HL Deb 30 June 1942 vol 123 cc538-47

Order of the Day for the Second Reading read.

THE LORD CHANCELLOR

My Lords, on the motion for the Second Reading of this Bill your Lordships may desire a little fuller explanation than has been necessary in the case of the Bill we have already dealt with to-day, although I do not think at this stage any prolonged explanation is likely to be required. Your Lordships will remember that Parliament passed the original War Damage Bill in March of last year. It was a very important and complicated measure and it has worked on the whole extraordinarily well. Under that Act provision was made for compensation for war damage if war damage occurred down to August 31, 1941. Later last year Parliament passed a second Act, called the War Damage (Extension of Risk Period) Act, 1941, which extended the relevant period, the period for which cover was given, by twelve months, that is to say, until August 31, 1942. Your Lordships will see therefore that the period will run out very shortly.
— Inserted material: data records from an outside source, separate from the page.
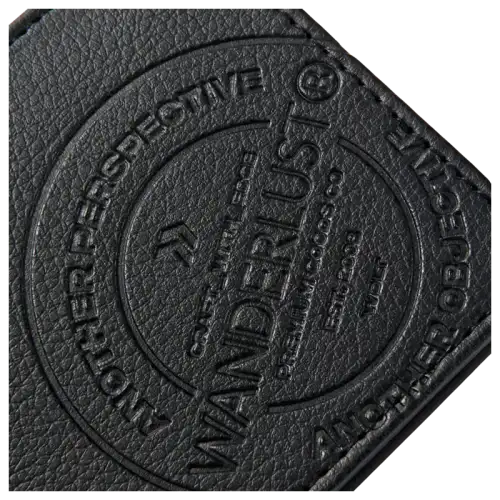 BILLETERA LOGO CIRCULO NEGRO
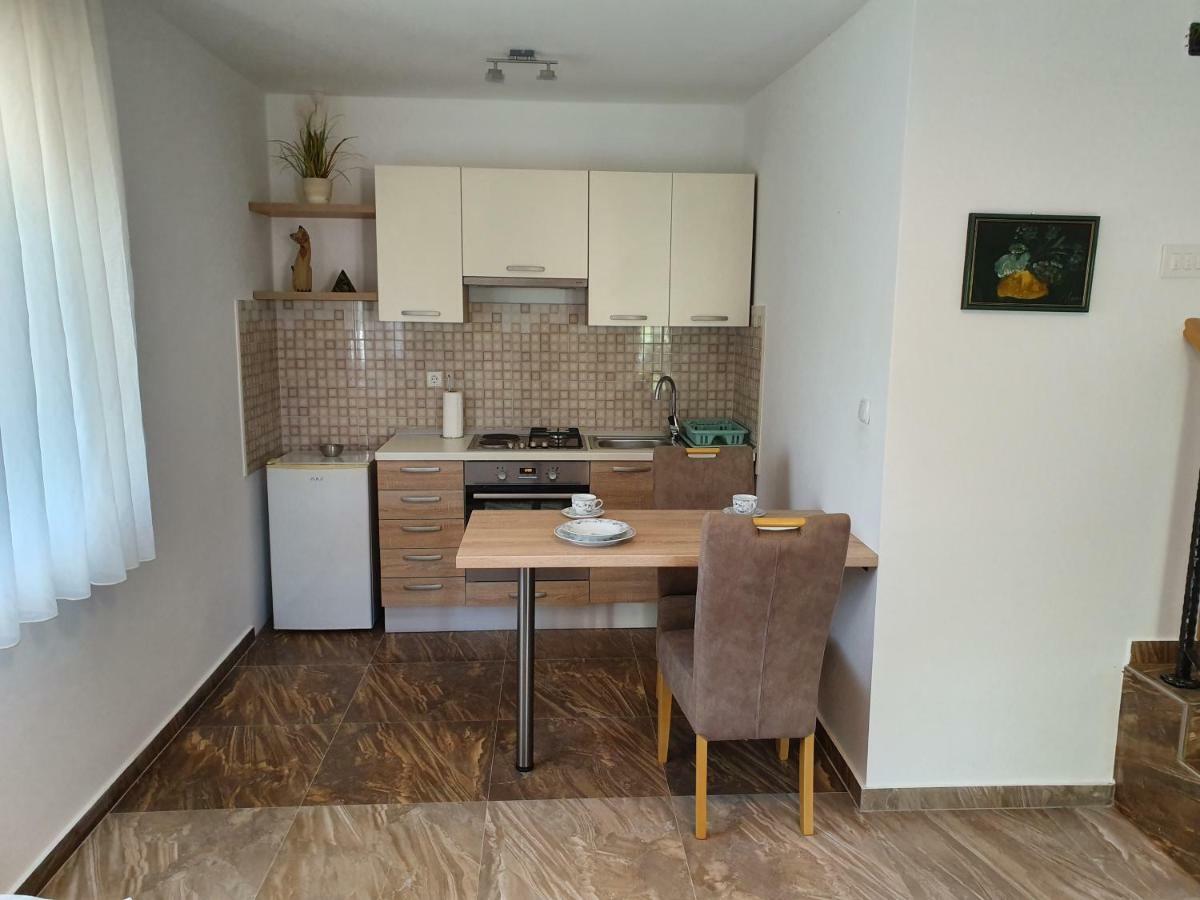 Apartments Meli زادار المظهر الخارجي الصورة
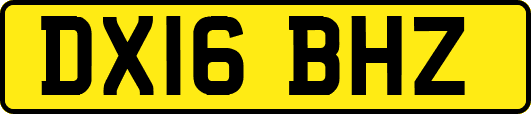 DX16BHZ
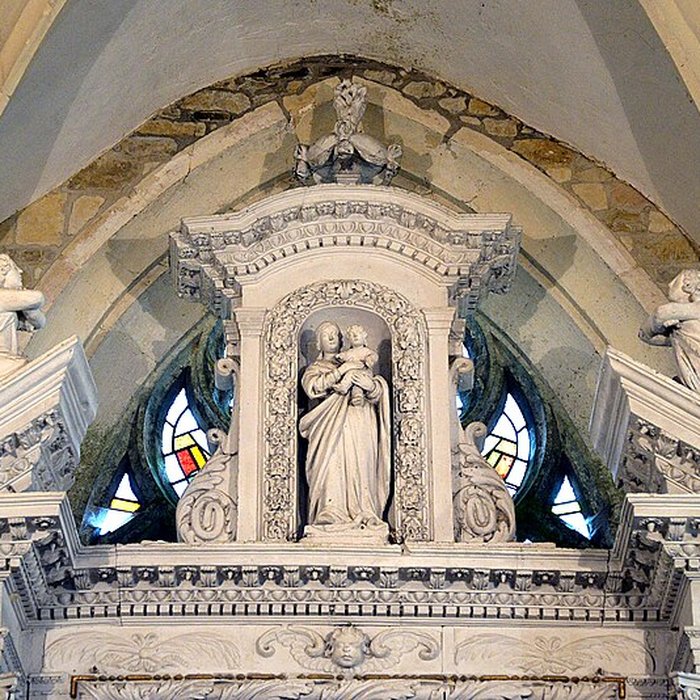 Photo de Église Saint-Pierre de Grainville-sur-Odon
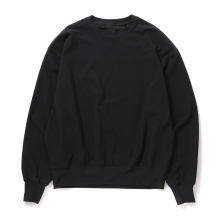 DAIWA PIER39 / ダイワピア39 | TECH FLEX JERSEY CREW - Black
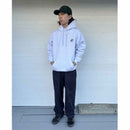 MAGENTA FALL LEAF HOODIE ASH【 マゼンタ フォール リーフ フーディー アッシュ 】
The object of this Bill is to make further provision, and the main feature of the Bill, in fact the only feature to which I may properly I think ask special attention now, is this. Clause I of the Bill discontinues the method of dealing with damage to land and buildings by way of successive risk periods. The original risk period was from the beginning of the war till the end of August, 1941, then there was an extension for another twelve months, which was the second risk period, and we might have gone on in that way. It was, however, thought much better not to go on in that way now that we have had actual experience of the working of this beneficent measure. Therefore we provide in Clause 1 of this Bill for a single risk period, dating from the outbreak of the war but of indefinite length, which will continue until terminated by an order made by the Treasury and approved by the House of Commons. The other side of the matter of course is the side of contributions. Compensation is on one side, contributions on the other. There again your Lordships will remember that the original proposal was that there should be five annual instalments of 2s. in the pound on the Schedule A value, one to be paid each year, and therefore the total amount being collected in the course of five years. It is not proposed at present to increase the current contributions at all either in number or in amount. So we have the interesting and remarkable situation that the Government think they can now offer to all concerned protection from the beginning of the war against war damage indefinitely until the risk has run off. At present, at any rate, they are not asking for any further contribution other than that which was provided for in the first instance.

I dare say that your Lordships recollect that by Section 22 of the original Act it was provided that the fund was created in the first instance by this contribution of 2s. in the pound on Schedule A value, and that once that contribution and the subsequent contributions for the four following years were made there should be no further call upon them, but that the Government would undertake to provide out of their own resources any additional sums that were needed until the amount that was produced and used was twice what the contributors themselves provided. There was also a provision that if we found, in the light of experience, that we had charged too large a contribution, and that we could finance the insurance scheme by less, there should be means by which that could be done, either by reducing the number of instalments, or in some other way. As I have pointed out, at this stage at any rate, we are not seeking to interfere with the provisions as to contributions at all, and the citizen whose house is protected against war damage is therefore protected over an indefinite period though he pays no more premium—which is very satisfactory.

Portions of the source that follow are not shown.